The deque takes an iterable as input argument such as a list or tuple and has the optional input argument, keylen which specifies the maximum length of the deque:

In [47]:
archive = (1, True, 3.14, 'hello', 'hello', 'bye')
duoactive = deque(archive, 9)

The formal string representation uses the \_\_repr\_\_ data model identifier and controls the behaviour of the builtins function repr:

In [48]:
repr(duoactive)

"deque([1, True, 3.14, 'hello', 'hello', 'bye'], maxlen=9)"

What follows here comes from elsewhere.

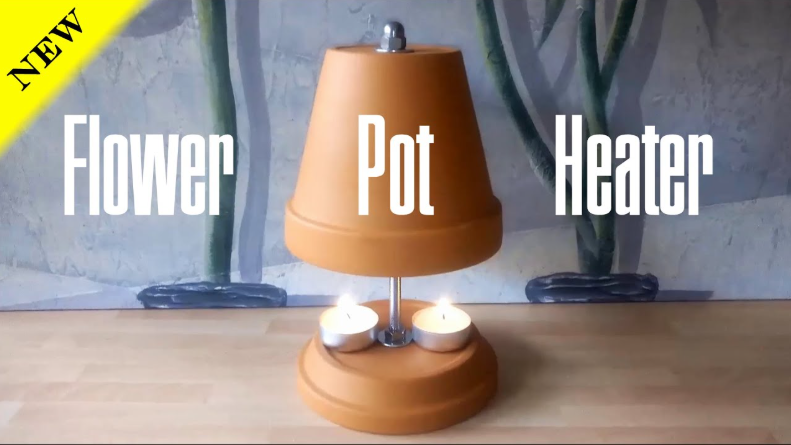 DIY Heater With Clay Pots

The formal and informal string representation are the same:

In [49]:
str(duoactive)

"deque([1, True, 3.14, 'hello', 'hello', 'bye'], maxlen=9)"

The identifiers of the deque class can be examined using:

In [50]:
print(dir(deque), end=' ')

['__add__', '__class__', '__class_getitem__', '__contains__', '__copy__', '__delattr__', '__delitem__', '__dir__', '__doc__', '__eq__', '__format__', '__ge__', '__getattribute__', '__getitem__', '__getstate__', '__gt__', '__hash__', '__iadd__', '__imul__', '__init__', '__init_subclass__', '__iter__', '__le__', '__len__', '__lt__', '__mul__', '__ne__', '__new__', '__reduce__', '__reduce_ex__', '__repr__', '__reversed__', '__rmul__', '__setattr__', '__setitem__', '__sizeof__', '__str__', '__subclasshook__', 'append', 'appendleft', 'clear', 'copy', 'count', 'extend', 'extendleft', 'index', 'insert', 'maxlen', 'pop', 'popleft', 'remove', 'reverse', 'rotate'] 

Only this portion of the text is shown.